Novidades biotecnológicas continuam surgindo. Entre animais, desenvolvem-se cabras transgênicas que produzem em seu leite uma proteína típica da teia de aranha, capaz de gerar polímeros altamente resistentes. Nos vegetais, entusiasma a possibilidade da geração de plantas que suportam "stress hídrico". Na Embrapa, um gene de cafeeiros resistentes à seca foi introduzido em plantas de fumo, fazendo-as suportar a falta de água no solo. Em Israel, cientistas do Instituto de Tecnologia alteraram os genes de alface, impedindo que suas folhas murchem após a colheita. Sensacional.
Técnicas chamadas "DNA recombinante" invadem a medicina. Utilizando-as, o Instituto Butantã (São Paulo) desenvolveu recente vacina contra a hepatite B; também pela intervenção no genoma viral surgem vacinas contra influenza, dengue, coqueluche e tuberculose. Na Faculdade de Medicina da USP em Ribeirão Preto estuda-se uma vacina transgênica para combater câncer.
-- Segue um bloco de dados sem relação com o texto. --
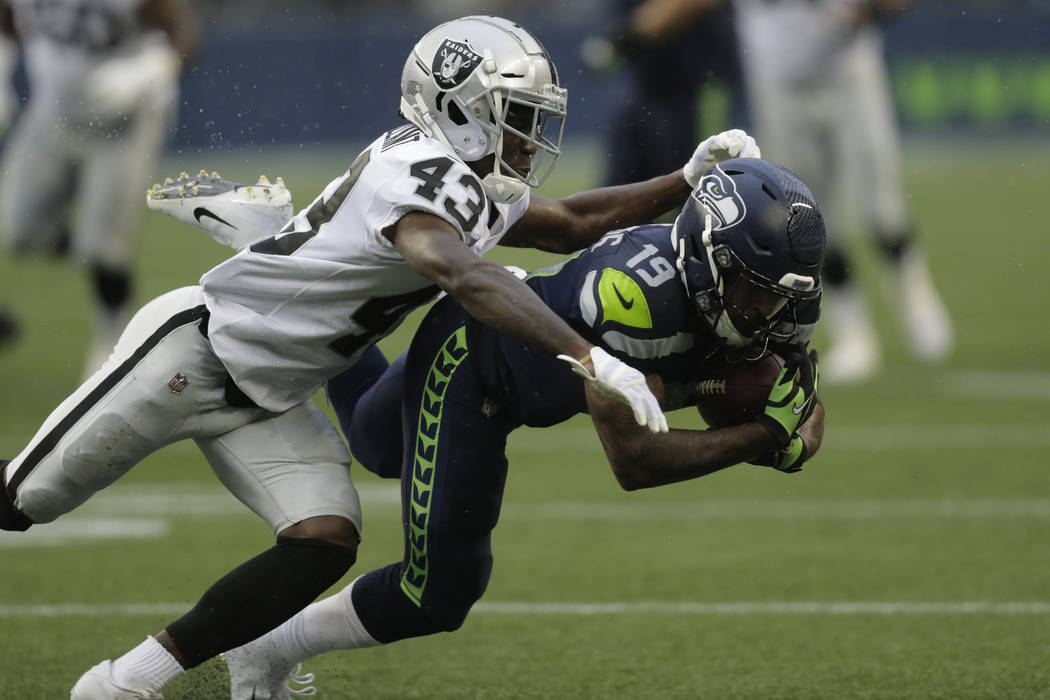 Oakland Raiders cornerback Makinton Dorleant (43) tackles wide receiver Keenan Reynolds (19) du ...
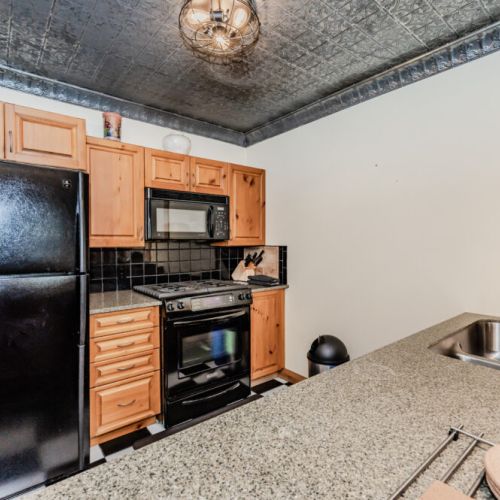 Fully equipped kitchen with black appliances, granite countertops, and rustic wood cabinetry—perfect for cooking during your forest getaway.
Porcos geneticamente modificados em Munique (Alemanha) provocaram fraca reação do sistema imunológico humano, abrindo caminho para os xenotransplantes.
Bactérias, leveduras e fungos geneticamente modificados têm sido utilizados na fabricação de alimentos há tempos. Esses microrganismos atuam diretamente nos processos de fermentação, gerando queijos, massas, cerveja; ajudam até na definição do aroma em bebidas e comidas. Etanol celulósico, a partir do bagaço da cana ou de capim, virá de leveduras geneticamente modificadas. Na indústria, o sabão em pó contêm enzimas, oriundas de bactérias transgênicas, que facilitam a degradação de gordura nos tecidos.
Na fronteira da biotecnologia desenvolve-se aqui, na Embrapa, uma incrível técnica - dos promotores constitutivos - capaz de restringir a manifestação de certas proteínas transgênicas em folhas e frutos das plantas modificadas. Ou seja, a planta será transgênica, mas seus frutos, ou grãos, escapam do DNA alterado. O avanço da engenharia genética, base da biotecnologia, é extraordinário em todos os ramos, dando a impressão de que o melhor ainda está por vir.
Por que, então, diante de tanto sucesso ainda há restrições contra os transgênicos, taxando-os de produtos do mal? Boa pergunta. A resposta encontra-se no preconceito criado lá atrás. A rigor, hoje em dia os produtos transgênicos, submetidos a legislação super-rigorosa, são bastante seguros para o consumo. Já outros alimentos, embora "convencionais", mais parecem uma bomba química: salgadinhos, latarias, maioneses, doces insossos, essas gororobas, sim, impunemente destroem nossa saúde.
Conclusão: transgênico ou convencional, pouco importa. Vale o alimento ser saudável.